Num arroubo de maluquice, pensamos no Mike Stipe, engenheiro que mixou os discos de Madonna. Eu gosto do timbre que ele tira dos instrumentos, principalmente dos violões, mas o que me chama mesmo a atenção em seu trabalho é a maneira como equaciona o som e o silêncio das canções. Isso ele faz muito bem. Entramos em seu site, mas sua agenda estava lotada até 2005. Além disso, seria totalmente inviável contratá-lo. Então chegamos à conclusão de que havia pessoas mais próximas e de igual talento aqui no Brasil. Nomes como Tom Capone foram citados, mas optei por Vitor Farias e pelo Nas Nuvens. Vitor é um excelente técnico e uma ótima pessoa para se trabalhar, além de conhecer muito bem meu trabalho. Afinal, mixagem é sempre um quebra pau danado. Alem disso o Nas Nuvens era um porto seguro em relação à monitoração como referencia sonora.

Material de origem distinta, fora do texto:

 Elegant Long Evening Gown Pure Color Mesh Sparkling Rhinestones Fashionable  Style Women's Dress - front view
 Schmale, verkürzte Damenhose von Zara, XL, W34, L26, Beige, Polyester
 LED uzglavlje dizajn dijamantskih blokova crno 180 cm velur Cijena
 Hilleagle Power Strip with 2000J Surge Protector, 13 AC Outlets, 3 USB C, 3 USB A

Este disco soa como interseção entre o samba e o funk, não é?

É verdade. O andamento do disco, em geral, ficou mais para trás, até mesmo porque introduzimos alguns instrumentos como o violão de sete cordas, que tem uma cadência que não dá para se tocar rapidamente. Acontece que, ao vivo, é tudo muito diferente. Esses BPMs serão alterados, obviamente, assim como alguns tons de determinadas canções. Gosto muito da região do disco, mas, em shows, prefiro cantar um pouco mais acima [do tom]. Fica mais inteligível. Eu e Rodrigo Campello já estamos fazendo o transposer destas canções para o time e a tonalidade adequada.

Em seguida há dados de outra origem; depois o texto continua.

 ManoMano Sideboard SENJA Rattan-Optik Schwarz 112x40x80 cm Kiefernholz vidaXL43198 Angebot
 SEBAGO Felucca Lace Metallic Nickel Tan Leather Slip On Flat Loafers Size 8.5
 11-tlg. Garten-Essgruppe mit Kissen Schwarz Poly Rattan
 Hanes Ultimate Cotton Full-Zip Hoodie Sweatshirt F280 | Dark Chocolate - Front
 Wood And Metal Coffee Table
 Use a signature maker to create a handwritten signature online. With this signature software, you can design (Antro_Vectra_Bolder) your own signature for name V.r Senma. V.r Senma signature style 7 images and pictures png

De onde vem todo este conhecimento de áudio?

Não é tanto assim. É mais de orelhada mesmo. Tive contato com diversos estúdios; do convívio com profissionais qualificados e do acesso a equipamentos de qualidade. Creio que o grande problema da maioria das salas de gravação esteja relacionado ao sistema de monitoração. Sei o quanto é cansativo para os técnicos trabalharem com o som alto o dia inteiro, exceto o Vitor Farias que já começa a mixagem, às dez da manhã, com o volume no máximo (risos).

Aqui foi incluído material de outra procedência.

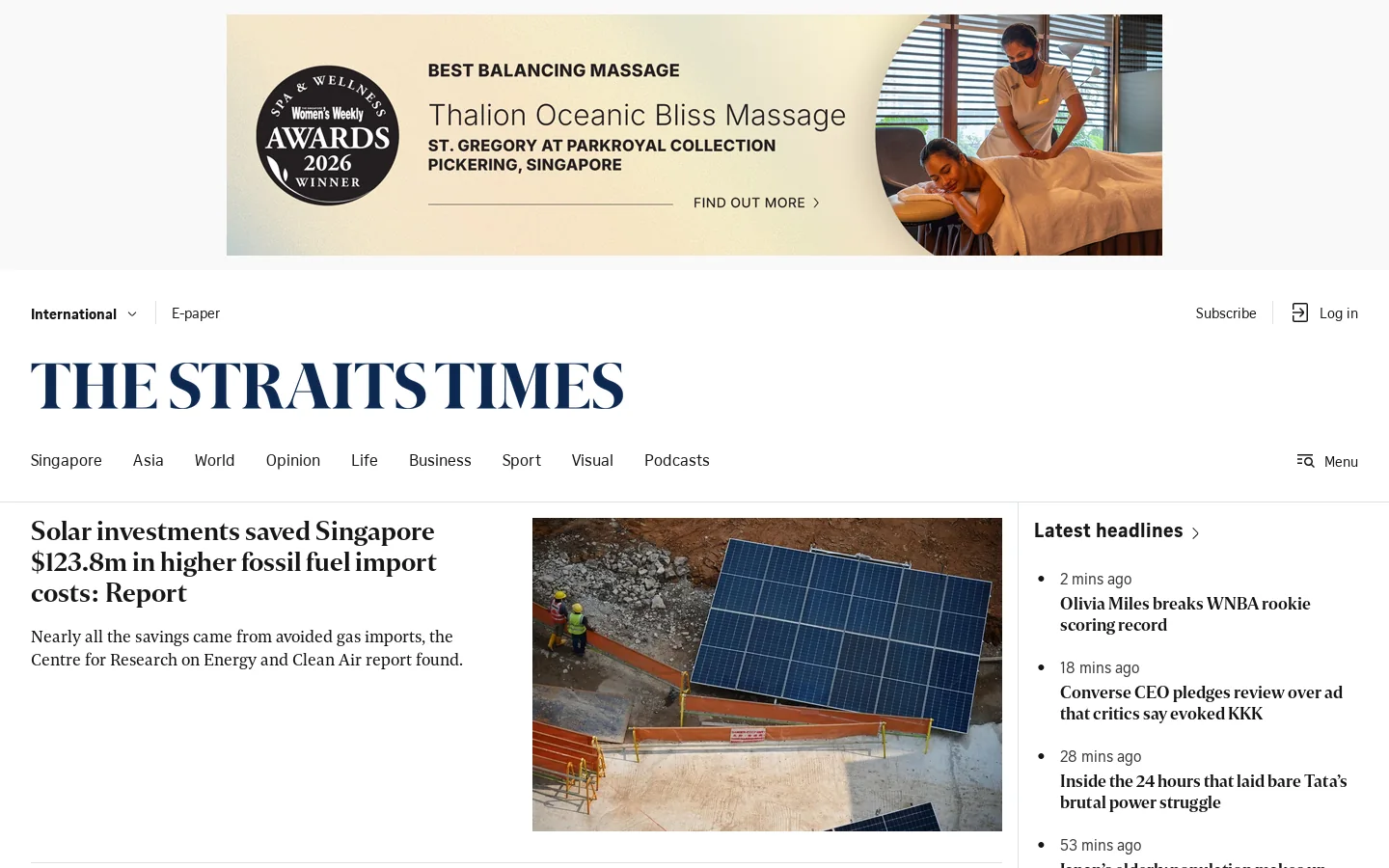 The Straits Times - Breaking news, Singapore news, Asia and world news & multimedia Homepage screenshot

Você se mostra sempre muito ligada à qualidade de som que escuta...
Pois é. Gravei a faixa Eu vou torcer, de Jorge Ben, numa sala nova do AR Studios que dispõe de uma monitoração Genelec maravilhosa. Estas caixas são um pouco maiores que as minhas e o som é algo realmente incrível. Além disso, eles têm a NS-10, padrão, e um par de caixas midfield, em que tudo soa bem. Para gravar no Nas Nuvens, experimentamos uma monitoração Mackie, além da tradicional NS-10 (todas Near-Field), que nos foi cedida pela Music Mall. Procuro sempre ter muito cuidado com minha referência. Detesto surpresas.